Pre-heat oven 375. Slice all the veggie with a mandolin. Make sure to slice the yam thinner than the rest, as it take longer to cook. After that, in a cassarole dish, start layering the veggies. I did yam, golden zucchini, layer of pesto, red pepper, yellow pepper, orange pepper, summer squash, cousa squash, eggplant tomato, pesto, bacon, onions, pesto, repeat. I made sure to have the bacon in the middle and only did that step once. Cook for 55 minutes. When it was done I let it rest for five minutes and made a plain couscous to serve with the dish. Voila! A French classic made the Dan way. The bacon, which I cooked until cris,p came back to life and was a little chewy. But it did give its flavor to the dish.

The wine that I picked with this meal is a special one. While waiting to talk to Frank and Ray at Pairings in Winchester, I noticed they had a Pinot Meunier. Pairings is a cute gourmet wine shop in Winchester. Lorie and Ray started the store about a year ago and have a great shop. I have bought spice, herbs and cheese from them before (I bought the blue cheese from them for the Bacon Pesto). Pinot Meunier is famous for being one of the three grapes used in Champagne. I have never seen one in a still wine, I didn't even know they grew the grape in Oregon. So Saturday when I went back to conduct a wine tasting I had to buy a bottle of the  Willa Kenzie Estate Willamette Valley Pinot Meunier. This wine is great, a little pricey at $29 but then again it's not a grape that you can find in your normal liquor shop, let alone a fine wine shop. This bottle had great berry fruits (cranberry, blueberry and raspberry), a hint of earth and spice with a nice touch of dried roses. It has more acid than you would get from most wines but along with the silky tannin it helps to balance the fruit. This is a wine that I don't expect to find again for a while and that is sad.
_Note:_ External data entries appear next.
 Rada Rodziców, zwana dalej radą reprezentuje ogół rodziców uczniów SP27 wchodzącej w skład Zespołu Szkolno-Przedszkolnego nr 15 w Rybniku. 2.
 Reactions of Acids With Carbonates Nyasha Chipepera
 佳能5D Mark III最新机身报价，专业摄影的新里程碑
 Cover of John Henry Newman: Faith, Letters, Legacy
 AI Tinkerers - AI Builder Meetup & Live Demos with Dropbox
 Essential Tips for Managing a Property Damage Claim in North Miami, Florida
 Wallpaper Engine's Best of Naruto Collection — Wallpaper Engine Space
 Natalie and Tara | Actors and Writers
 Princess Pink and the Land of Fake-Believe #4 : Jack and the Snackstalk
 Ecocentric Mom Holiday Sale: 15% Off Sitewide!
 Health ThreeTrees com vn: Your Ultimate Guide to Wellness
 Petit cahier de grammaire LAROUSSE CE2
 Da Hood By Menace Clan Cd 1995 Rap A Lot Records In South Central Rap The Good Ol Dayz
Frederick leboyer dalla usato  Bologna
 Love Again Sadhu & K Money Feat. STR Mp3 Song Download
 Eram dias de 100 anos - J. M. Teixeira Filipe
In life I find it more fun to change the recipe and find wines that you are not going to always find. Most people would find a recipe online and would follow it to the letter. Me, I like to treat cooking more like an Art than a Science. True artist can't truly be taught to make a masterpiece it comes from within. I add things that I think could make the meal different, if not better. It may not come out great all the time, but sometimes you really knock it out of the park, i.e. BACON PESTO. Same with wine. Why always drink the same thing? Why care about how many points someone else thought the wine should have? Experiment, have fun, enjoy life. Break down the box that you are in and start living life.